--- TASK STATEMENT ---
For every record that follows, transcribe the text exactly and leave any image out.

----- EXCERPTED DATA -----

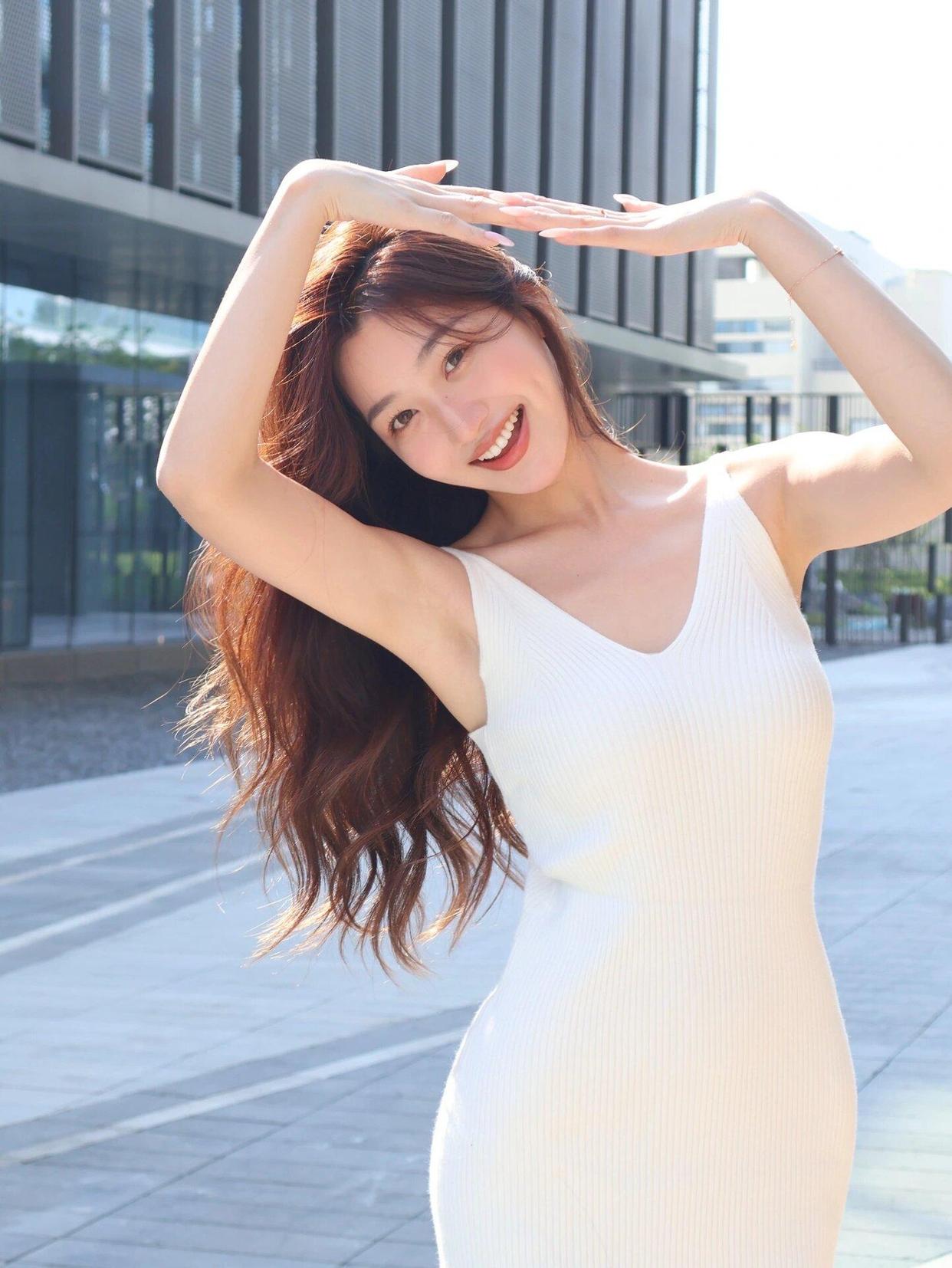 12个关于笑的拍照姿势,拍照这样笑,笑容让人忘不掉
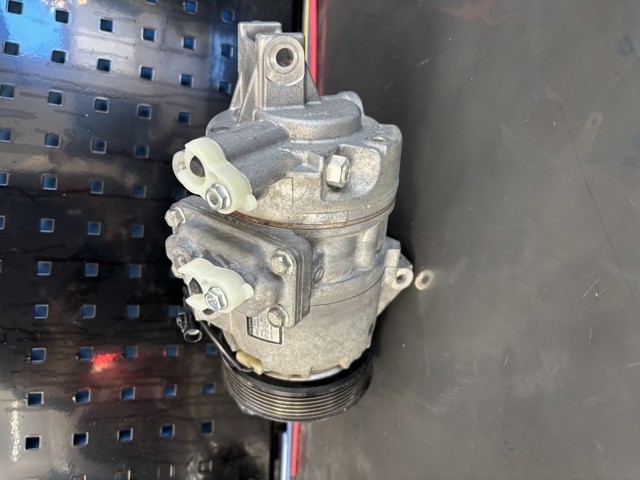 9520176KA1 Suzuki 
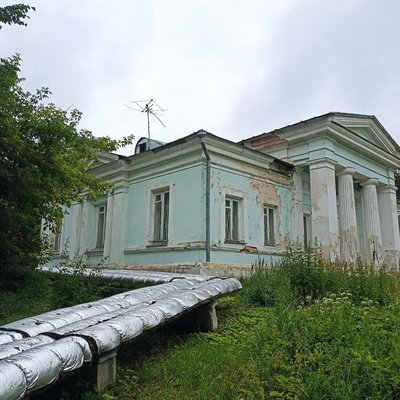 Современная усадьба Изварино вблизи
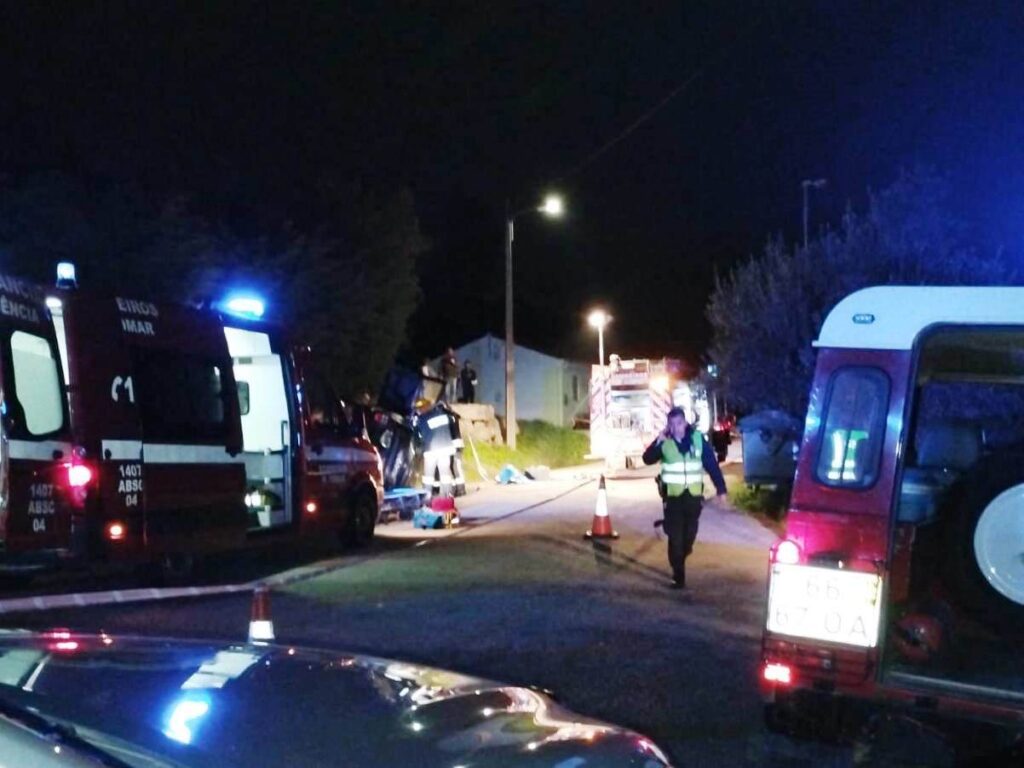 Colisão entre duas viaturas provocou dois feridos acid 43a6 a81c 015e9f50424a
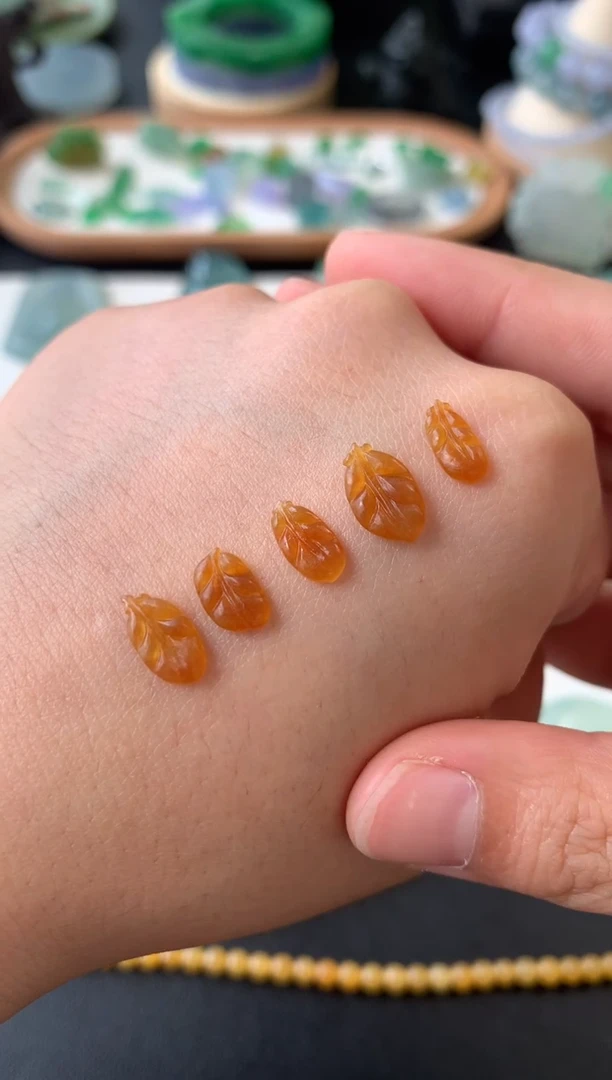 定制翡翠未镶嵌翡翠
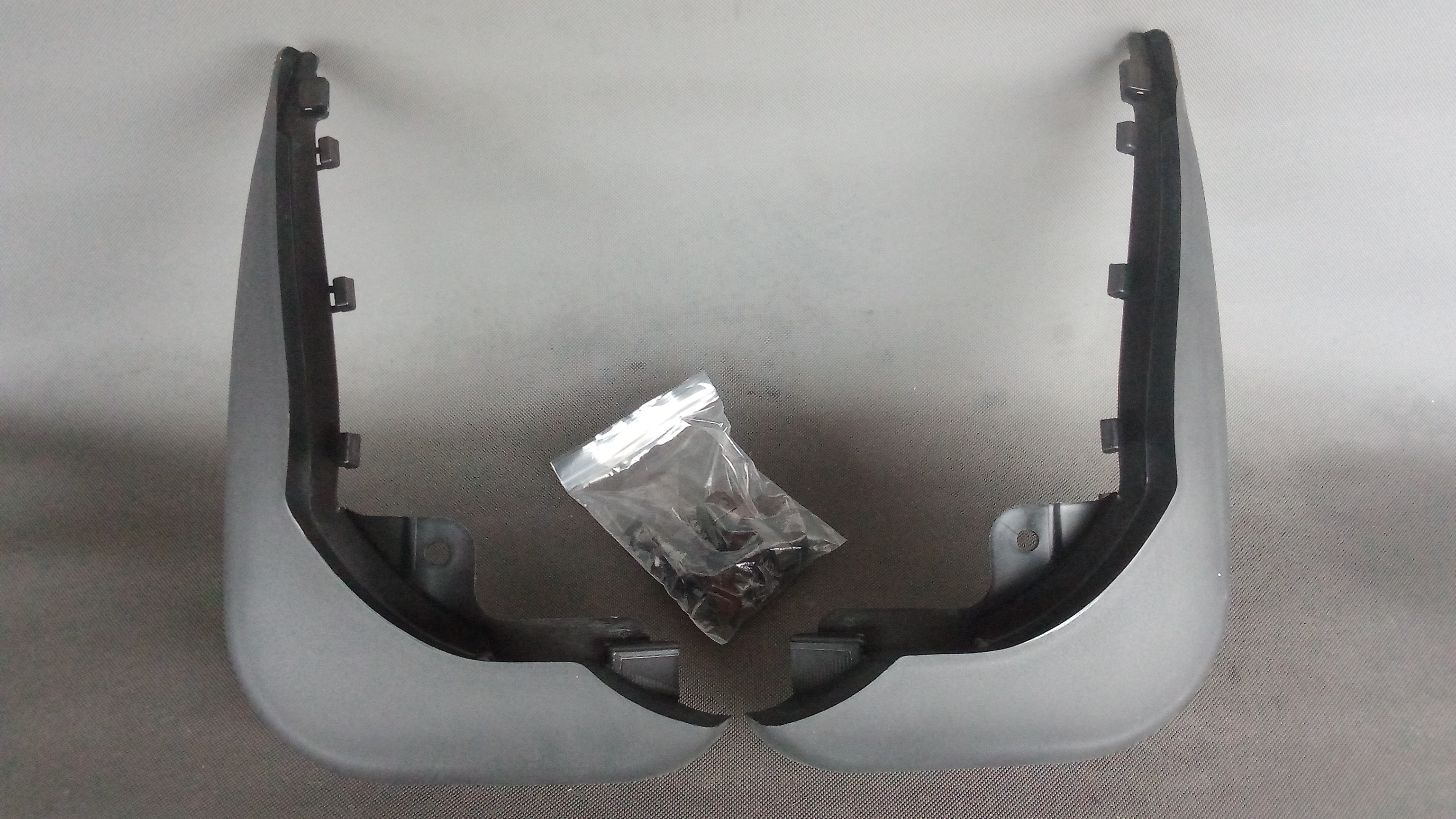 Mercedes E-Klasse W211 Schmutzfänger Spritzlappen Vorne B6 6 52 8216  B66528216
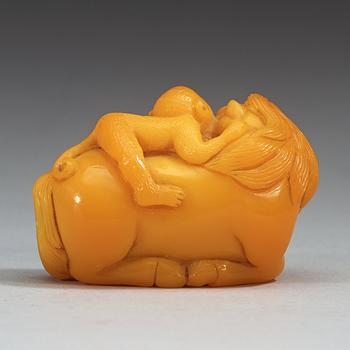 FIGURIN, pekingglas. Sen Qing dynastin (1644-1912).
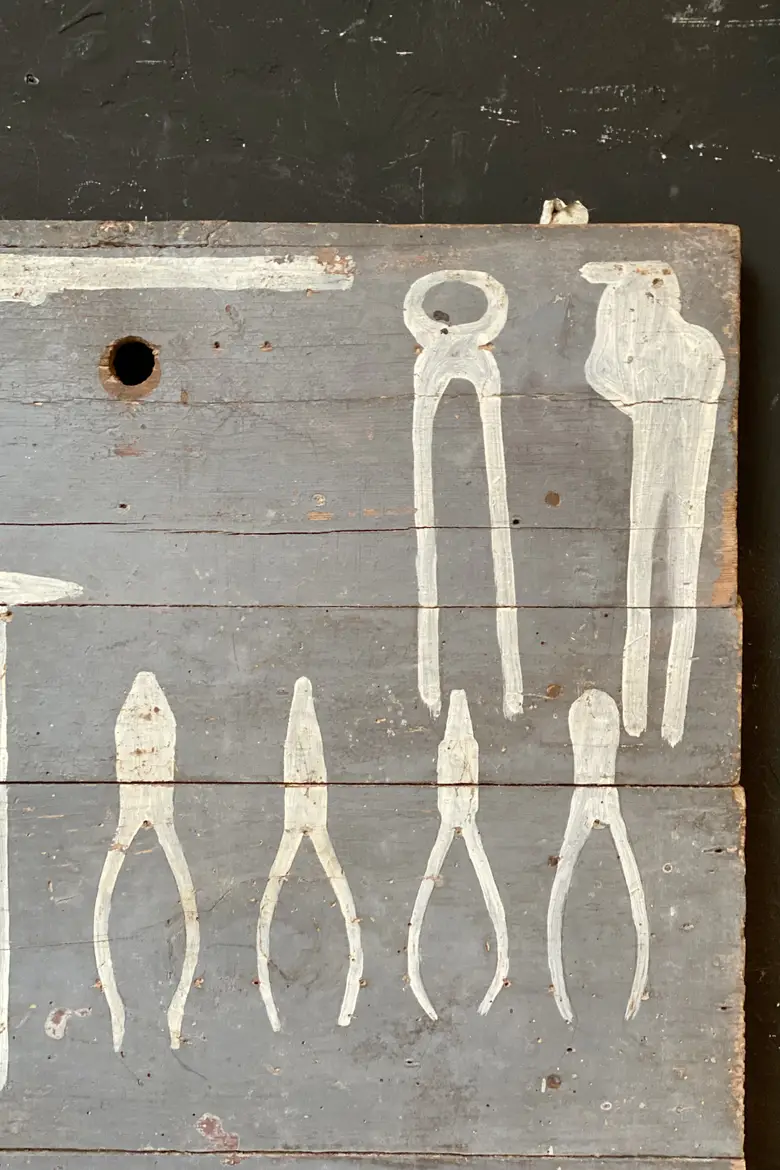 Ancien tableau d’outils en bois Début XXeme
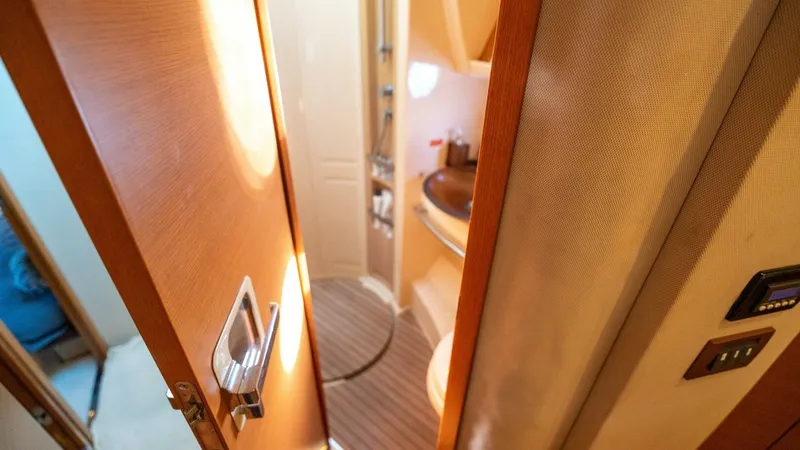 Slide: The Image of Azimut 40 Flybridge 2013 - 47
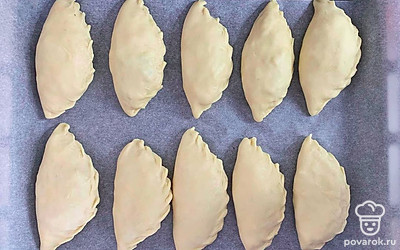 Лепим пирожки в виде «лодочек». Все наши пирожки выкладываем на противень. И отправляем в духовку заранее нагретой до 180 градусов минут на 25–30.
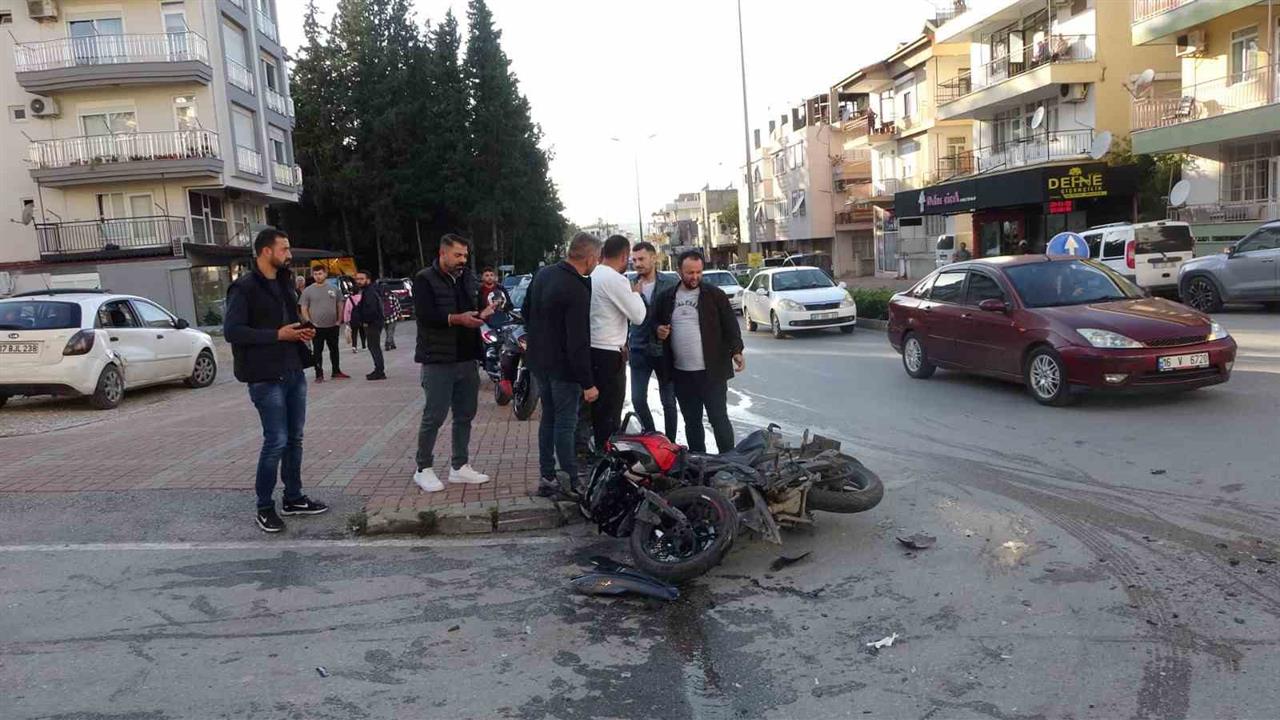 Antalya Manavgat'ta Motosikletin Otomobile Çarpması Sonucu Sürücü Yaralandı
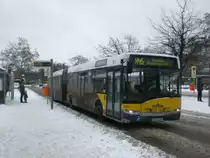 Solaris Urbino auf der Linie M45 nach Spandau Johannisstift am S+U Bahnhof Zoologischer Garten.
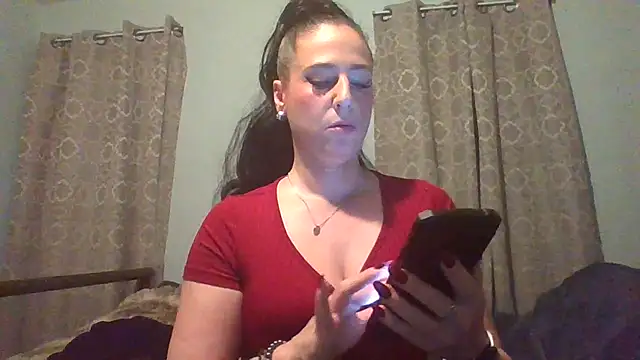 Audrey hotty online show from November 12, 2025, 10:41 pm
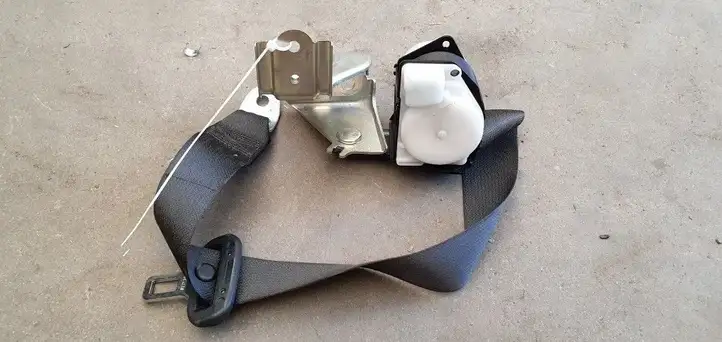 Toyota Auris E180 (2012 - 2018) Задний ремень безопасности — фото 1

-----

--- RESPONSE ---
 12个关于笑的拍照姿势,拍照这样笑,笑容让人忘不掉
 9520176KA1 Suzuki 
 Современная усадьба Изварино вблизи
 Colisão entre duas viaturas provocou dois feridos acid 43a6 a81c 015e9f50424a
 定制翡翠未镶嵌翡翠
 Mercedes E-Klasse W211 Schmutzfänger Spritzlappen Vorne B6 6 52 8216  B66528216
 FIGURIN, pekingglas. Sen Qing dynastin (1644-1912).
 Ancien tableau d’outils en bois Début XXeme
 Slide: The Image of Azimut 40 Flybridge 2013 - 47
 Лепим пирожки в виде «лодочек». Все наши пирожки выкладываем на противень. И отправляем в духовку заранее нагретой до 180 градусов минут на 25–30.
 Antalya Manavgat'ta Motosikletin Otomobile Çarpması Sonucu Sürücü Yaralandı
 Solaris Urbino auf der Linie M45 nach Spandau Johannisstift am S+U Bahnhof Zoologischer Garten.
 Audrey hotty online show from November 12, 2025, 10:41 pm
 Toyota Auris E180 (2012 - 2018) Задний ремень безопасности — фото 1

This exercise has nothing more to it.